Joel Negin worked on development issues in Africa and is now senior lecturer in international health at the University of Sydney.

Just as Australia settles into its UN Security Council seat, new African crises have arisen as the first emerging challenges of Australia's two-year role. Over the last few weeks, Australian policymakers and commentators have been frantically flipping through atlases finding Mali and tracing their fingers through northern Mali into the sands of Algeria. What were once considered faraway African skirmishes are now critical for Australian government officials and observers to understand.

Beyond Mali and Algeria, potential hot spots for the Security Council's attention in 2013 include the ongoing crisis in the Democratic Republic of the Congo, instability in Chad and the Central African Republic, tensions between Sudan and South Sudan, the recent coup attempt in Eritrea, as well as the upcoming constitutional referendum in Zimbabwe and March election in Kenya.

Yet it seems Australia might not be well prepared for the African challenges that will come to the Security Council's attention. Australian perspectives on Africa are mired in the past or in a narrow perception that ignores the rapid change, dynamism and opportunity that mingles along with the uncertainty of conflict.

The Executive Director of the Australian Strategic Policy Institute recently referred to Africa as 'the dark continent', demonstrating a remarkable and scarily ossified 19th century view of Africa.

The Foreign Minister, in a number of recent statements, has continually framed Australia's interest in Africa as a large mining pit only, reliably citing the fact that Australian companies have invested billions of dollars in African mines.

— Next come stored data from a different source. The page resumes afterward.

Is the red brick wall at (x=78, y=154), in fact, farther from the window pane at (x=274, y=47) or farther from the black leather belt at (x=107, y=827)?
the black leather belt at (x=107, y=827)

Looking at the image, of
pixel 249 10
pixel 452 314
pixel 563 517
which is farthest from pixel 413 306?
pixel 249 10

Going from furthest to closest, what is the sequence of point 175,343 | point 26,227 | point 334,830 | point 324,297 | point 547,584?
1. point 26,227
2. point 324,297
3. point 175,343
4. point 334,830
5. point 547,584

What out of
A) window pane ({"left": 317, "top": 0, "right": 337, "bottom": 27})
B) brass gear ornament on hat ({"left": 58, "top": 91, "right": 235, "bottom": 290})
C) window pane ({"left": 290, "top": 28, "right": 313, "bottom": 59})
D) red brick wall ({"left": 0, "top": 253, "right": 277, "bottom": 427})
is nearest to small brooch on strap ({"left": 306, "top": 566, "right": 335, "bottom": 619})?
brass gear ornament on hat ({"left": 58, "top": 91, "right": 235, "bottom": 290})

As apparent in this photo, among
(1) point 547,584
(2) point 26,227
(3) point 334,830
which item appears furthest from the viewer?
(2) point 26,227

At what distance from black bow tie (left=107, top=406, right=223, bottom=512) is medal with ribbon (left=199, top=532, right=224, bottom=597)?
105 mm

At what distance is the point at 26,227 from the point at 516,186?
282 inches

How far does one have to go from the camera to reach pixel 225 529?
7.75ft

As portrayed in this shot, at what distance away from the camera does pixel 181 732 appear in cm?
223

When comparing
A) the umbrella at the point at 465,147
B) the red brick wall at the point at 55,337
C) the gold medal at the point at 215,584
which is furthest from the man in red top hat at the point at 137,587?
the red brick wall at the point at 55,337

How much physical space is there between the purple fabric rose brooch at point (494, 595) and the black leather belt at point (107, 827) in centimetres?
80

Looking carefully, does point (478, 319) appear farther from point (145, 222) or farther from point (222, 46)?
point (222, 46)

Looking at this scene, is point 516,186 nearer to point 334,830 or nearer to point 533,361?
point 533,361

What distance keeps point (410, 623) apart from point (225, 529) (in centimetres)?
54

More importantly, Australian politicians and commentators have tried hard to paint the Mali conflict as being similar to that in Afghanistan, in that both are driven by al Qaeda. Perhaps it's because the Afghanistan frame of reference is familiar. In reality, the main similarity between Mali and Afghanistan is the dramatic paucity of Western intelligence on the two countries prior to intervention. 

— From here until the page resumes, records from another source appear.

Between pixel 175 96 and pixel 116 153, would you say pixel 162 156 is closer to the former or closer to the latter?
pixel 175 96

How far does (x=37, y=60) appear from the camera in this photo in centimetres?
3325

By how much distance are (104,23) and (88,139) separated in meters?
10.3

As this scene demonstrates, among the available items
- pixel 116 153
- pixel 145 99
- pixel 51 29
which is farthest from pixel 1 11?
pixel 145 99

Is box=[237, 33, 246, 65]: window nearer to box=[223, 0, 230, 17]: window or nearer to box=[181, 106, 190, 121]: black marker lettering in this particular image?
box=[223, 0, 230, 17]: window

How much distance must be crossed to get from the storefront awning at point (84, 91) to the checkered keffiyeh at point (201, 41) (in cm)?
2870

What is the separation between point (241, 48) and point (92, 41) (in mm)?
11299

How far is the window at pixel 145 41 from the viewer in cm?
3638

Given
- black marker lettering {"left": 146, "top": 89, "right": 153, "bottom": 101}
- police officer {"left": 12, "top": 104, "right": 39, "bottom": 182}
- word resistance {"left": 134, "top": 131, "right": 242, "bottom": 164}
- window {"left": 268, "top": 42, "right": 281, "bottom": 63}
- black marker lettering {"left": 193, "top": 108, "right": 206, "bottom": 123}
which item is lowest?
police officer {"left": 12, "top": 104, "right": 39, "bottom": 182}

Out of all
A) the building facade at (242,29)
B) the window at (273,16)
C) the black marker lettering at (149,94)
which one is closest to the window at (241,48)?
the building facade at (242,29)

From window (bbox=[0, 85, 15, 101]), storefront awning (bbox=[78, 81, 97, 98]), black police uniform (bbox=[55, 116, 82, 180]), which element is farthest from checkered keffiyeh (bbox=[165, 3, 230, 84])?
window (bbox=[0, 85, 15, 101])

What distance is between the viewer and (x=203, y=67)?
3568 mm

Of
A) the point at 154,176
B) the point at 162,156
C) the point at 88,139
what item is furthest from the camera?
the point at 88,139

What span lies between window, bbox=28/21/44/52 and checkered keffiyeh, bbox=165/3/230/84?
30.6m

The comparisons with Afghanistan do little to extend our understanding of the complexities of the situation in Mali, which in large part stem from the unintended consequences of Qadhafi's demise in Libya. The void left by Qadhafi's departure has left a number of Islamist and mercenary groups without financial support and in search of new ways to use the plentiful weapons smuggled out of Libya at the end of the conflict. If anything, elements of al Qaeda have latched onto these armed groups rather than the other way around.

If Australia is to play a meaningful role on the Security Council, it needs to move away from narrow and dated perspectives.

A major risk of Australia's Security Council presence is the knee-jerk response of seeing everything in Africa through the lens of conflict. It is critical that Australia not view Africa solely as a series of hotspots, nor as only a big hole for Australian miners to dig.

Africa is home to seven of the world's top 10 growing economies including Ghana, Mozambique, Tanzania and Zambia. It is the fastest growing region of the world for broadband. In 15 years Africa will have the largest labour pool, surpassing that of China. And it already has a larger middle class than India; the world's new middle class consumers will be African. 

Other countries have recognised these trends: China's trade with Africa has increased at an average annual rate of 50% since 2000 and now accounts for roughly 20% of Africa's overall trade. Africa's trade with Turkey, India and Brazil has exploded.

Where Australia has diplomatic representation, it is relatively well placed to respond to emerging challenges. In Zimbabwe and Kenya, where tensions are possible in the first half of 2013, Australia has strong teams with experienced heads of mission. But in Mali, DRC, Cote d'Ivoire and Chad, for example, Australian understanding is much less robust. The recent agreement to post Australian diplomatic officials in British embassies is a step in the right direction to build at least the basic knowledge required to respond.

The situation in Mali highlights the need to build understanding beyond conflict and mining. The low levels of support for the Islamists from the local population is largely driven by the fact Mali was one of the most stable, longest-standing democracies on the continent with strong economic growth and considerable exports of cotton and livestock. The imperative to support the people of Mali is not just about al Qaeda but about allowing a strong, proud, successful nation to get back on its path towards development.